[tarantool-patches] Re: [PATCH 2/2] sql: make LIKE predicate dependent on collation

Wed Jul 17 19:19:18 MSK 2019

> On 14 Jul 2019, at 01:51, Roman Khabibov <roman.habibov at tarantool.org> wrote:
> 
> According to ANSI, LIKE should match characters taking into
> account passed collation.
> 
> ISO/IEC JTC 1/SC 32 2011, Part 2: Foundation, page 445

Nit: it’s likely to be meaningless to indicate exact page;
I’d better outline number of section.

Moreover, I guess this ticket deserves doc request
explaining user-visible changes.

I’ve pushed code-style fixes at the top of your branch.
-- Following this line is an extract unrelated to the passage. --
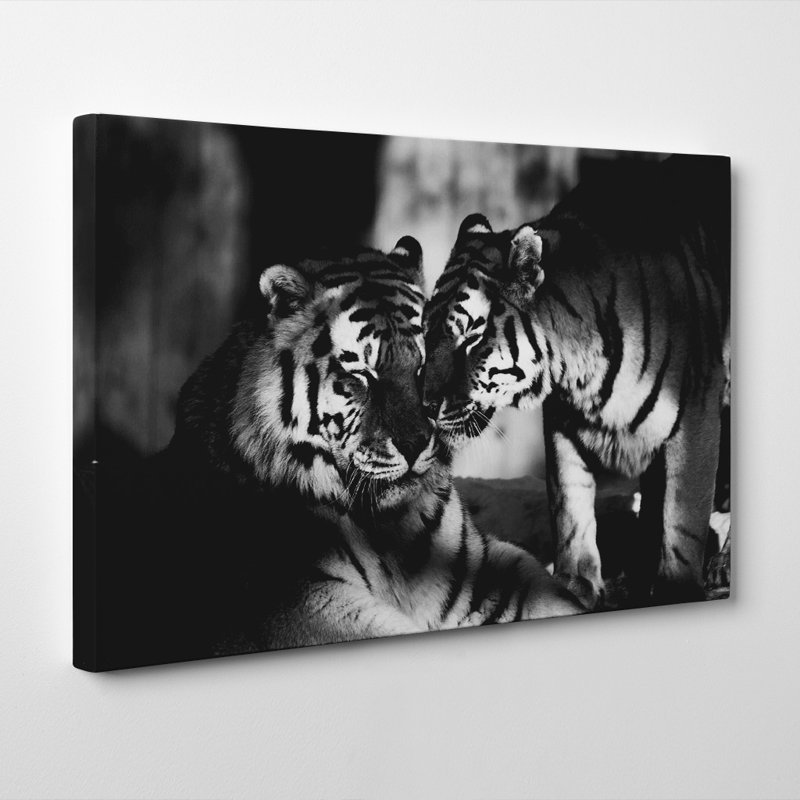 Wrapped Canvas Print, 35cm H x 50cm W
> 7 files changed, 187 insertions(+), 111 deletions(-)
> 
> diff --git a/src/box/sql/func.c b/src/box/sql/func.c
> index 4e4d14cf7..b660d05c5 100644
> --- a/src/box/sql/func.c
> +++ b/src/box/sql/func.c
> 
> @@ -699,7 +723,7 @@ enum pattern_match_status {
>  * @param string String being compared.
>  * @param pattern_end Ptr to pattern last symbol.
>  * @param string_end Ptr to string last symbol.
> - * @param is_like_ci true if LIKE is case insensitive.
> + * @param coll Pointer to collation.
>  * @param match_other The escape char for LIKE.
>  *
>  * @retval One of pattern_match_status values.
> @@ -709,7 +733,7 @@ sql_utf8_pattern_compare(const char *pattern,
> 			 const char *string,
> 			 const char *pattern_end,
> 			 const char *string_end,
> -			 const int is_like_ci,
> +			 struct coll *coll,
> 			 UChar32 match_other)
> {
> 	/* Next pattern and input string chars. */
> @@ -717,9 +741,13 @@ sql_utf8_pattern_compare(const char *pattern,
> 	/* One past the last escaped input char. */
> 	const char *zEscaped = 0;
> 	UErrorCode status = U_ZERO_ERROR;
> +	const char *pat_char_ptr;
> +	const char *str_char_ptr;
> +	int pat_char_len;
> +	int str_char_len;

Declaring variables without initialisation is considered
to be bad practise. Also intend to use appropriate types -
in this case size_t.

> 	while (pattern < pattern_end) {
> -		c = Utf8Read(pattern, pattern_end);
> +	c = step_utf8_char(&pattern, pattern_end, &pat_char_ptr, &pat_char_len);

Broken indentation.

> 		if (c == SQL_INVALID_UTF8_SYMBOL)
> 			return INVALID_PATTERN;
> 		if (c == MATCH_ALL_WILDCARD) {
> 
> @@ -847,9 +867,10 @@ sql_utf8_pattern_compare(const char *pattern,
> int
> sql_strlike_cs(const char *zPattern, const char *zStr, unsigned int esc)
> {

I guess you can remove both strike_cs and strlike_ci functions.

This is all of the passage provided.